Islamic Banking in Malaysia.
Just because they don't call it 'interest', does it make it islamic?
Yep, include that one too!
Hi Zaharan,
What about watching TV, mobile, internet and blogging, these are non islamic too? Better still if we live in a jungle like orang asli, away from everything that will distract us from the spiritual life. Who know one day I might come back to M'sia and live in the jungle too?
:) Serene
Hello Zar,
My, you are on a roll with this one. Delicious.
It makes not one iota of sense to me ;)
Pat
NORTH:Say that again, North! Carried to its logical conclusion the coming fatwa on yoga should be applied to the whole planet. Maybe only the next world is free of deviations from the norm for the "fatawas" as opposed to "fakawis" like me (us?)!

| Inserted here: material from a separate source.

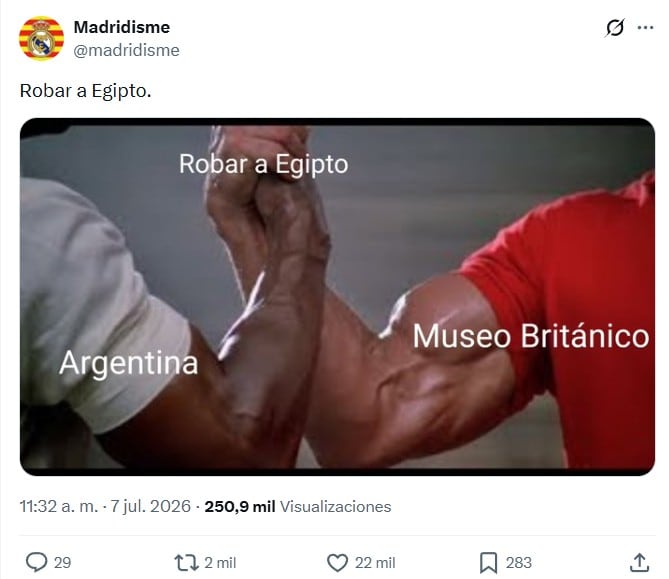 Memes victoria de Argentina sobre Egipto FIFA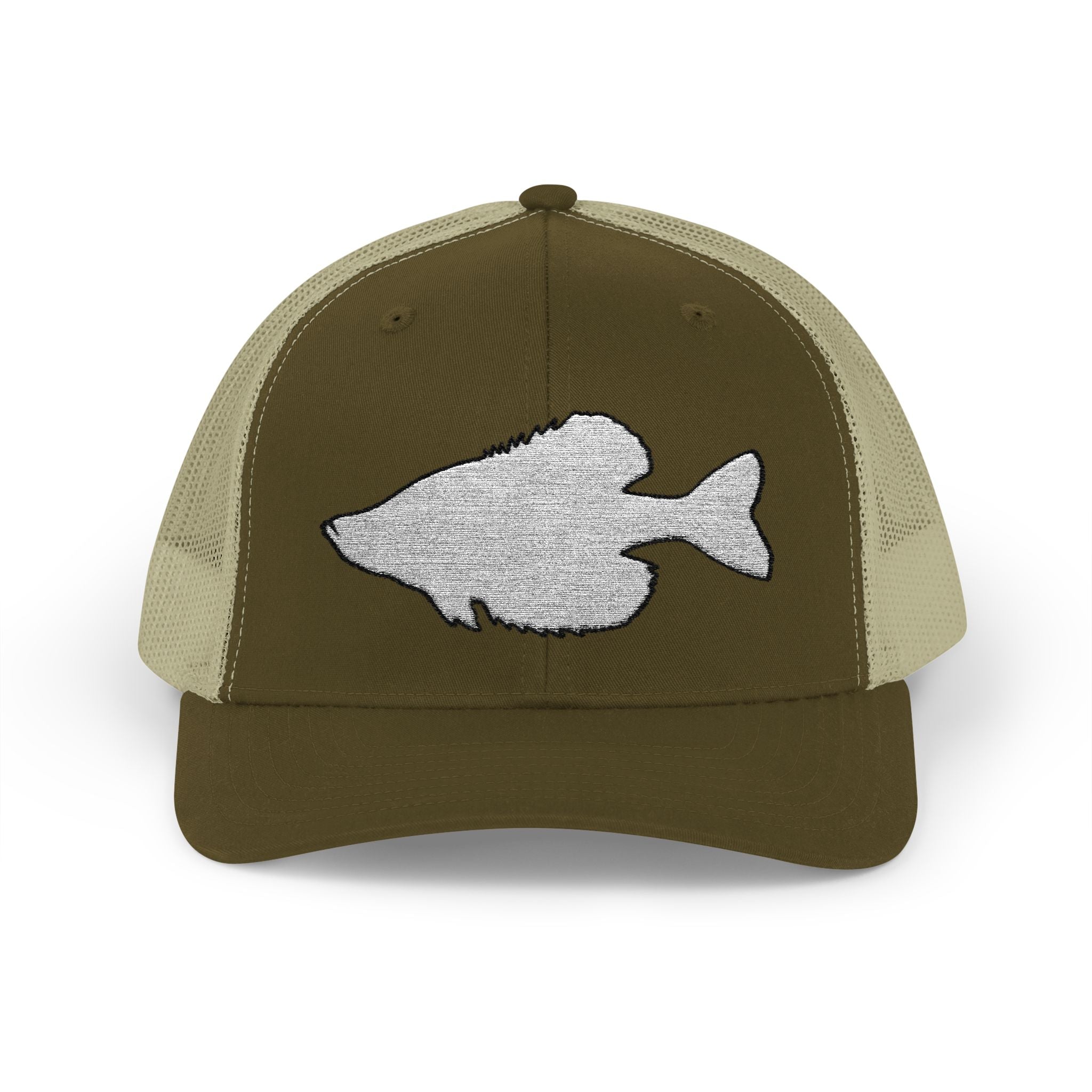 Crappie Silhouette — Embroidered Baseball Cap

PAT: My, your oneliners as a nutgraph have always knocked my "supertankers" off its course, ever so slightly, which is a lot, I'm proud to admit as coming from you!
Keep them, er, rolling, Pat.
Talking about Boycott all products made by kafirs, please check out
http://www.muslimconsumer.org.my/ppim/main.php
ANON: Done! I even registered. Immediately posted a comment! Hopefully the administrator will not take a dim view of it and deem it haram! Written in BM too! Even I myself am surprised at my derring-do. I got a P7 for BM in SPM/MCE 45 years ago!
Hello Mr Zaharan,
I Don't know you one of the blogger right now. I'm your student at Media Studies, UM. Right now, i'm lecturer at UMT.
Happy meet you in blog.
tq
idham
Welcome Idham! Do you blog? I'd like to visit you ...
Zaharan,
Concurr with Pat, this post is deliciously fun to read. Now they will brand me too by being on your side of the fence.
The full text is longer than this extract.